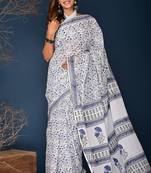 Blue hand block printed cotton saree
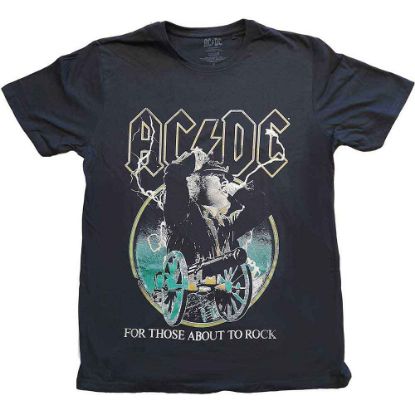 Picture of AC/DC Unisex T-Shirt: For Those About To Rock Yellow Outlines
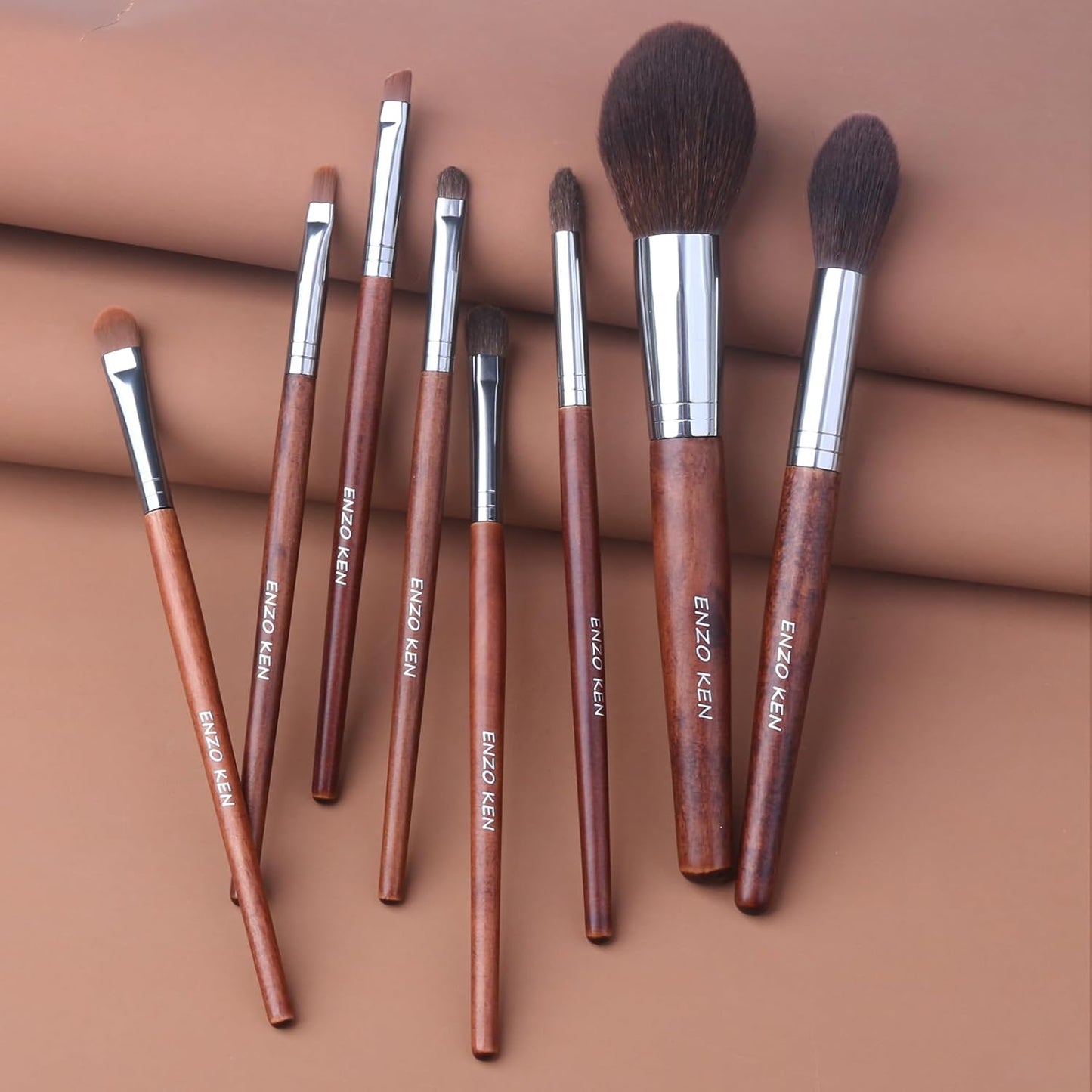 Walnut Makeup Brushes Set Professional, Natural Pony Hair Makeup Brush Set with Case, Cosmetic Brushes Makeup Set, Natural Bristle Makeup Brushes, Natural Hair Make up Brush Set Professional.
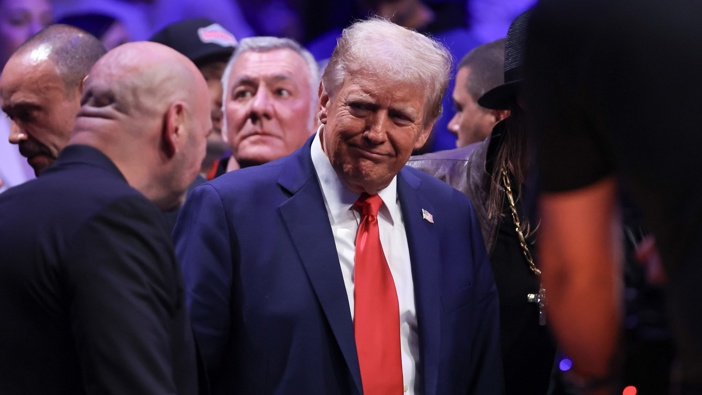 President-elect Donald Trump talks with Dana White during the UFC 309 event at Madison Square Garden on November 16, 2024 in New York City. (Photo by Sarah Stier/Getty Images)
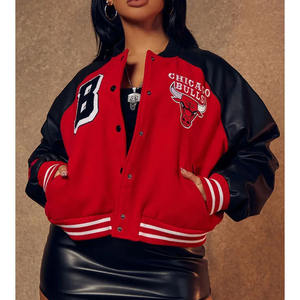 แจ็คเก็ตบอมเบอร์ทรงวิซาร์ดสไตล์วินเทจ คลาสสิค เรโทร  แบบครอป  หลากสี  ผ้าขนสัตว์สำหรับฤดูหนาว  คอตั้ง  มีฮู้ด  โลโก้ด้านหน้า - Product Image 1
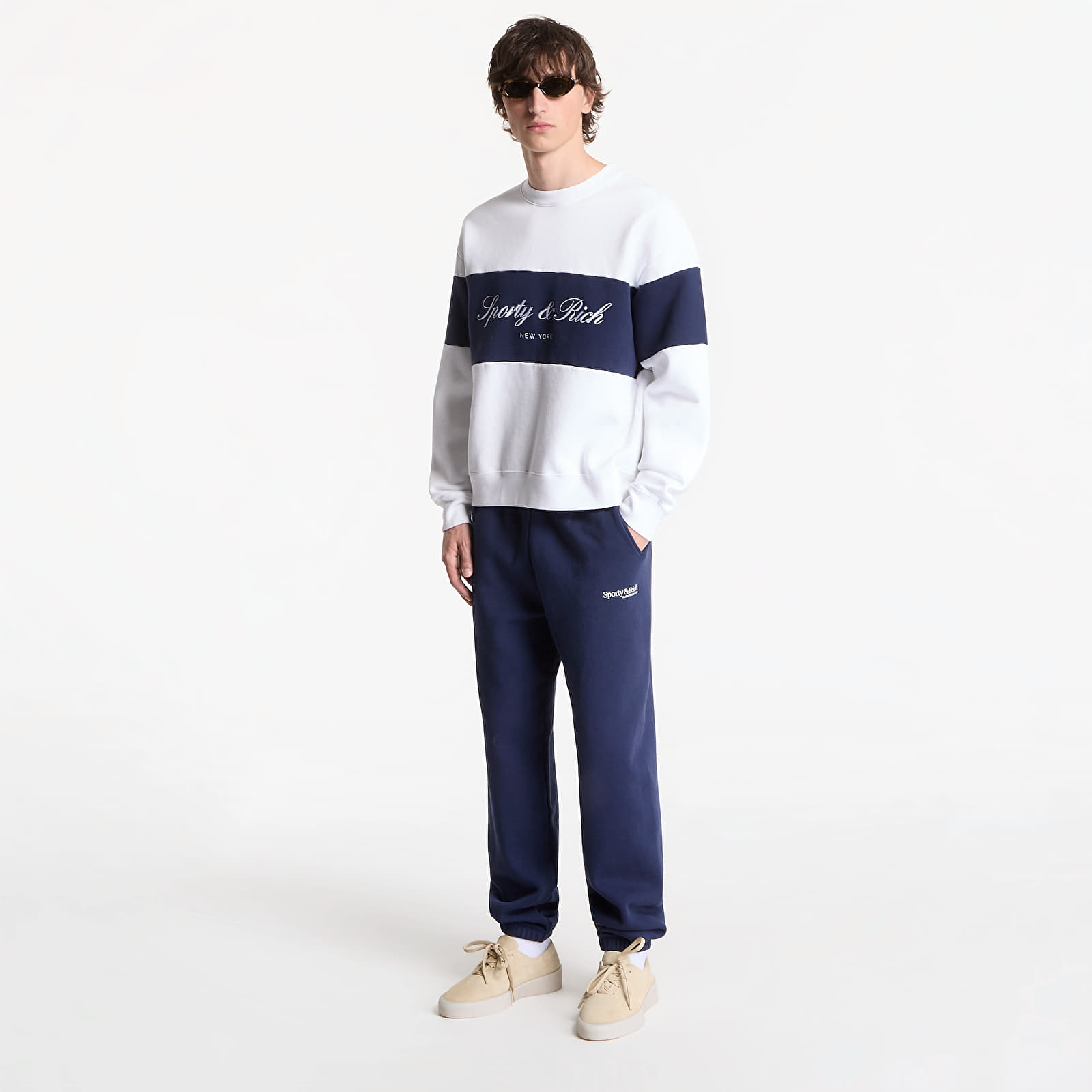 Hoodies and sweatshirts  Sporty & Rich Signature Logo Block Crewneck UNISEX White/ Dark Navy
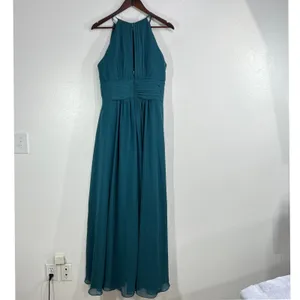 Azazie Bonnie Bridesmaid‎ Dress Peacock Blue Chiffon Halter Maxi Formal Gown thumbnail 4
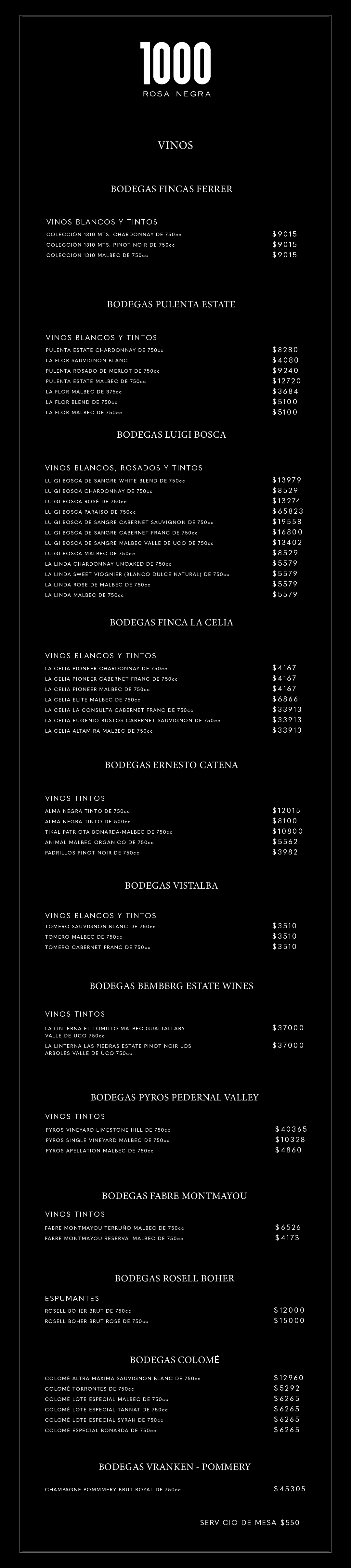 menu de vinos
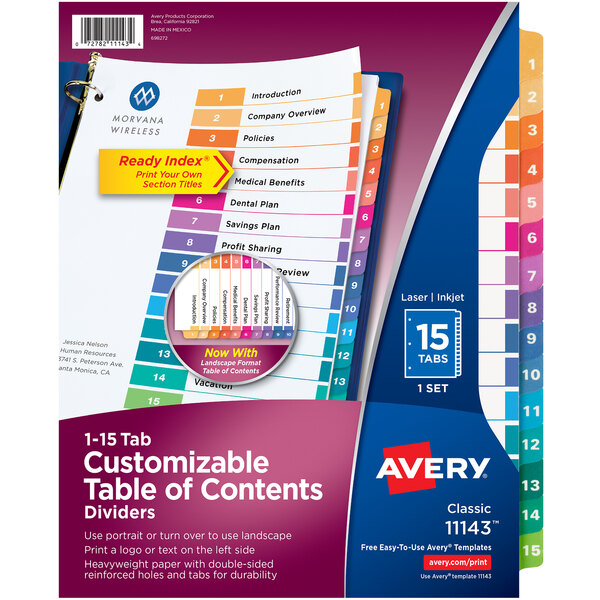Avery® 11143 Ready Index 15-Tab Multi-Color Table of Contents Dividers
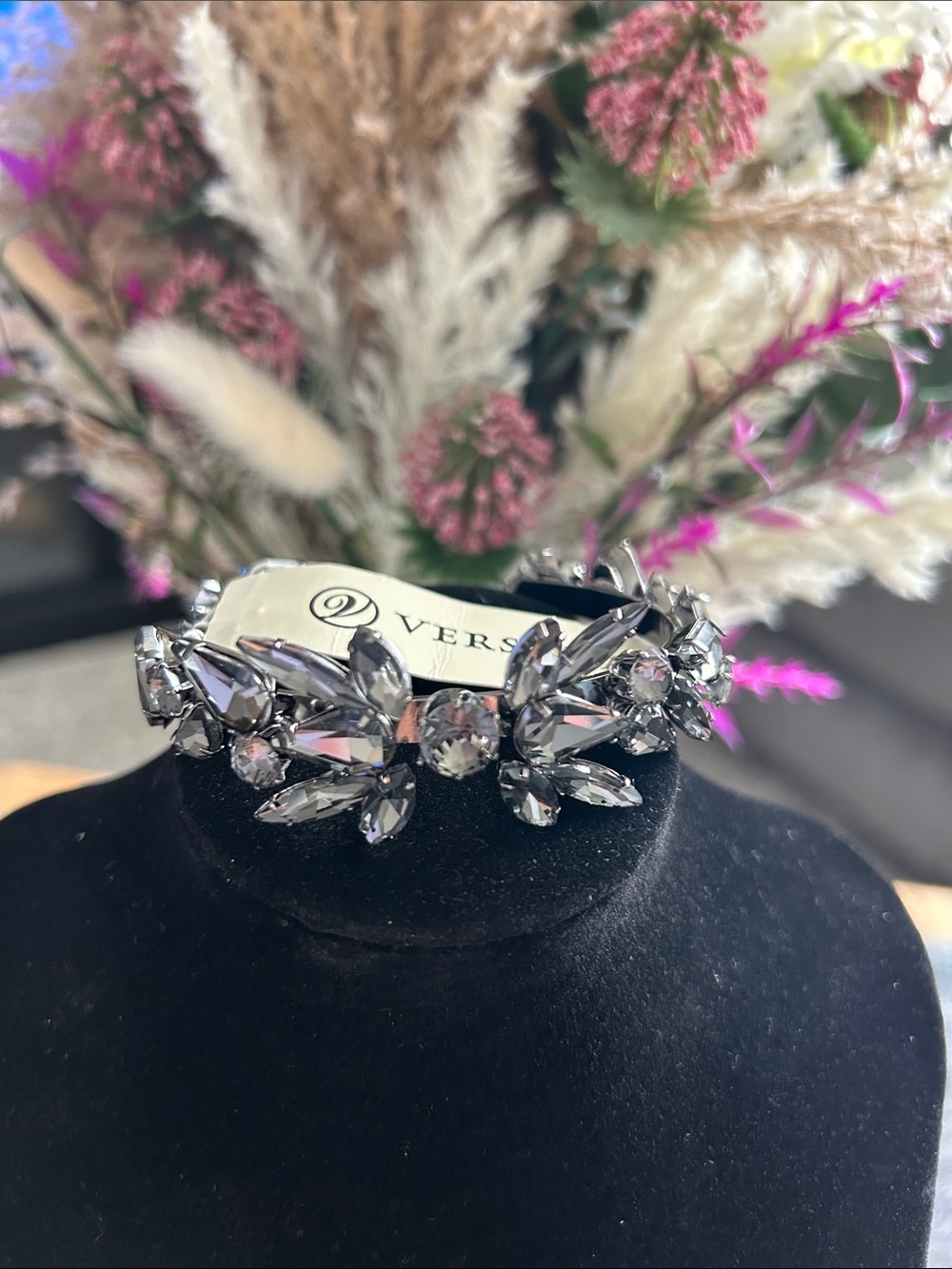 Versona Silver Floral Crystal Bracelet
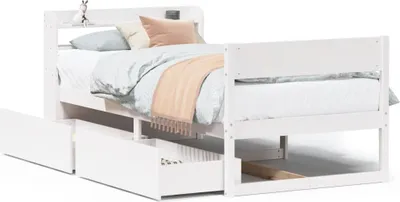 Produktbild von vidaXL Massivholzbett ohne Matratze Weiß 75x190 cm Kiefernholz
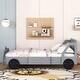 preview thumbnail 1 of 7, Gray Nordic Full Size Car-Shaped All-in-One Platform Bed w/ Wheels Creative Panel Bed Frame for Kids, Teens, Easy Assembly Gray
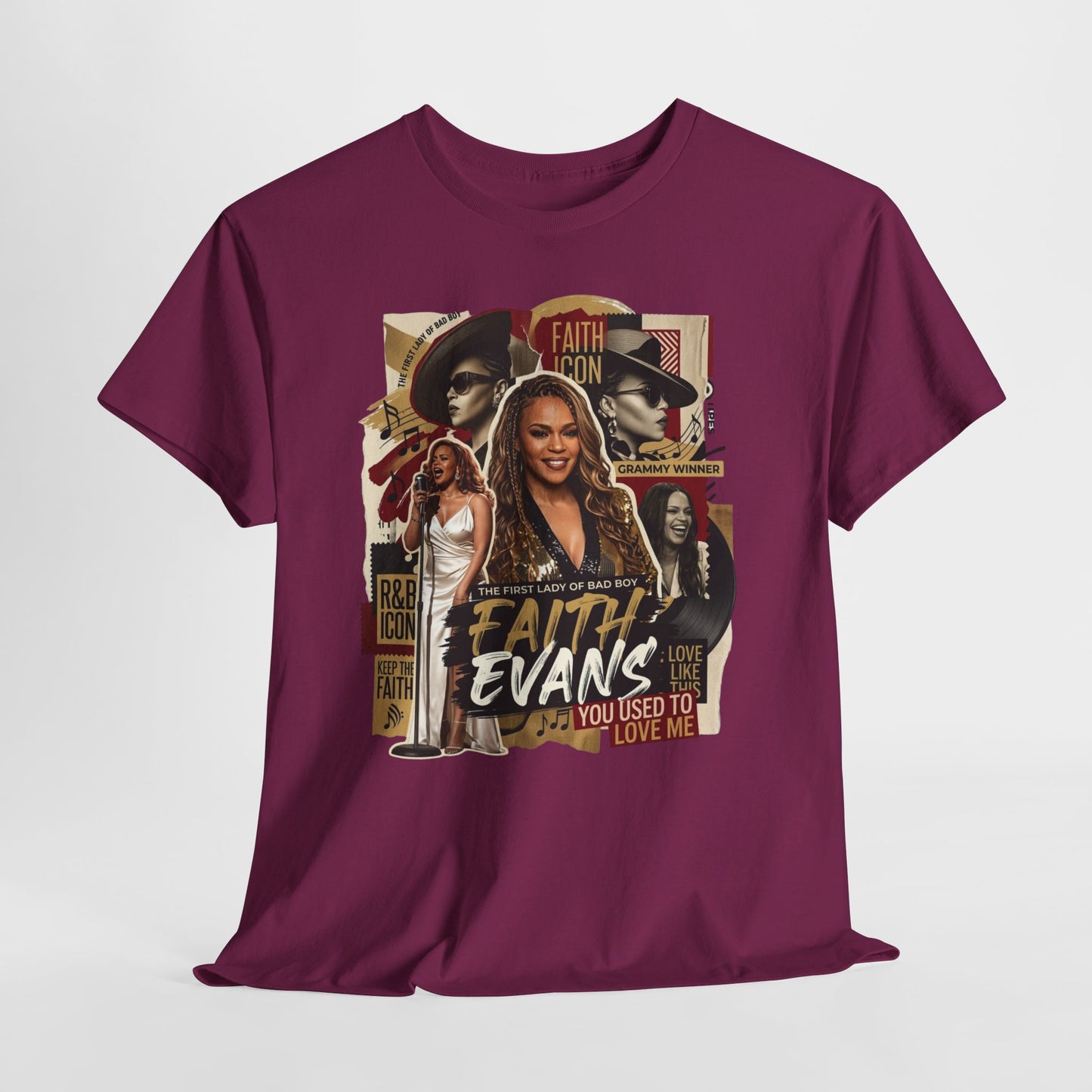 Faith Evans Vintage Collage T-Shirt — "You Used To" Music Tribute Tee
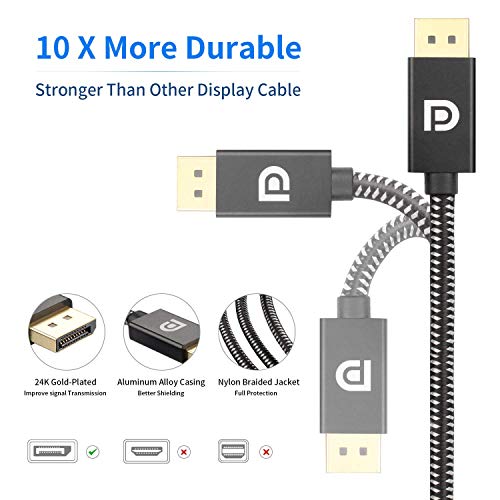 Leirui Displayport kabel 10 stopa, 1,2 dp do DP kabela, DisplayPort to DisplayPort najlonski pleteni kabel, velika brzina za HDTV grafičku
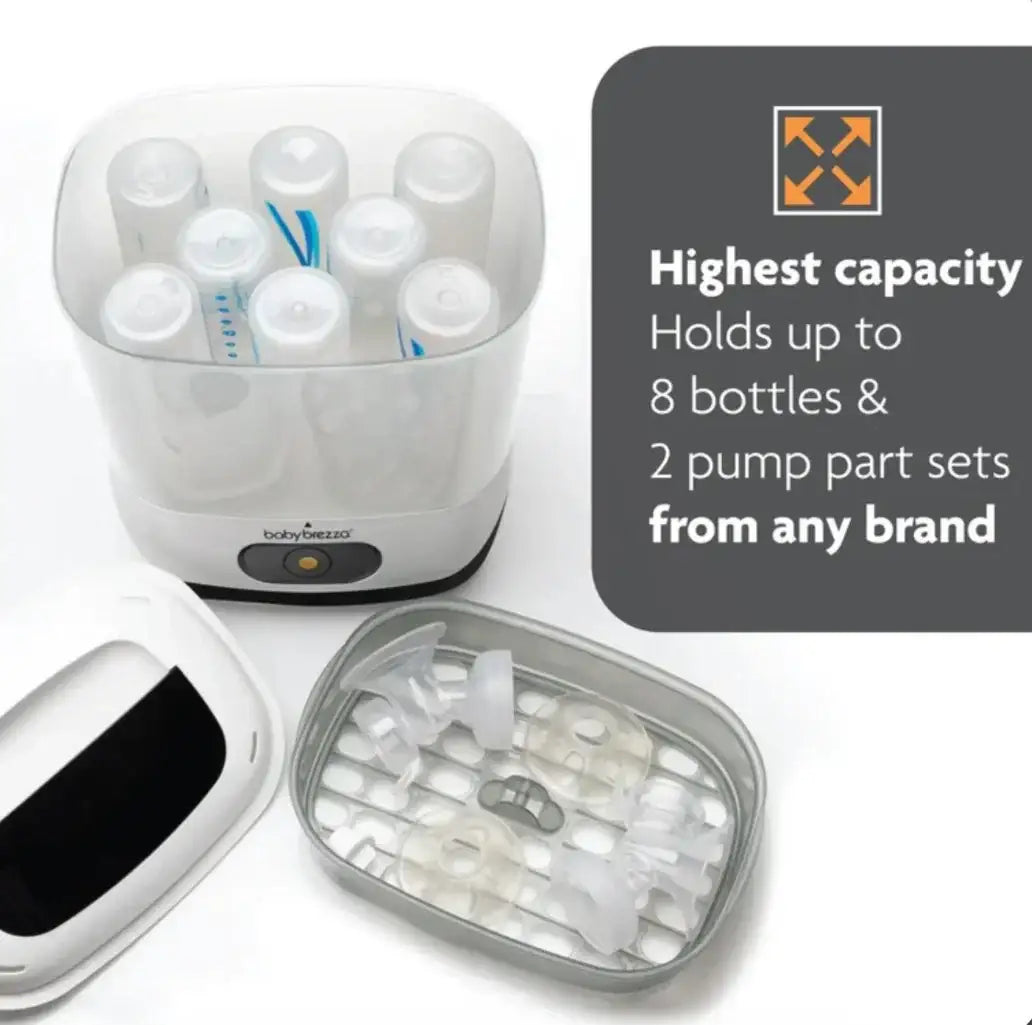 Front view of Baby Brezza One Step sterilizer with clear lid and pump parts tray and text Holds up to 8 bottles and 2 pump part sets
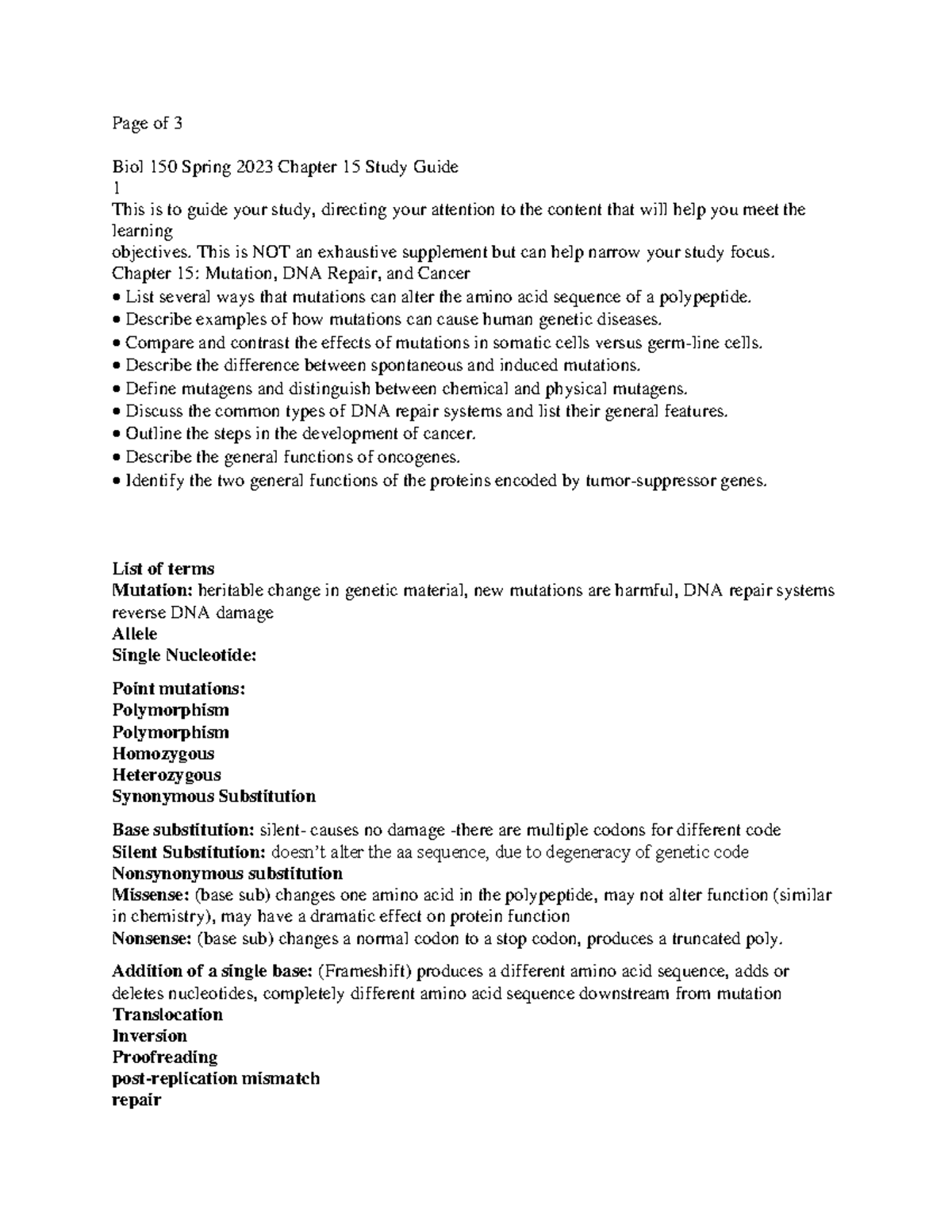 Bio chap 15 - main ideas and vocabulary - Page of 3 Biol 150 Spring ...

:::::

◆ PROBLEM: Would you please reproduce the entries above, starting at the line with "menu de vinos" and stopping after the line with "preview thumbnail 1"? Omit any pictures.

◆ SOLUTION:
 menu de vinos
Avery® 11143 Ready Index 15-Tab Multi-Color Table of Contents Dividers
 Versona Silver Floral Crystal Bracelet
 Produktbild von vidaXL Massivholzbett ohne Matratze Weiß 75x190 cm Kiefernholz
 preview thumbnail 1 of 7, Gray Nordic Full Size Car-Shaped All-in-One Platform Bed w/ Wheels Creative Panel Bed Frame for Kids, Teens, Easy Assembly Gray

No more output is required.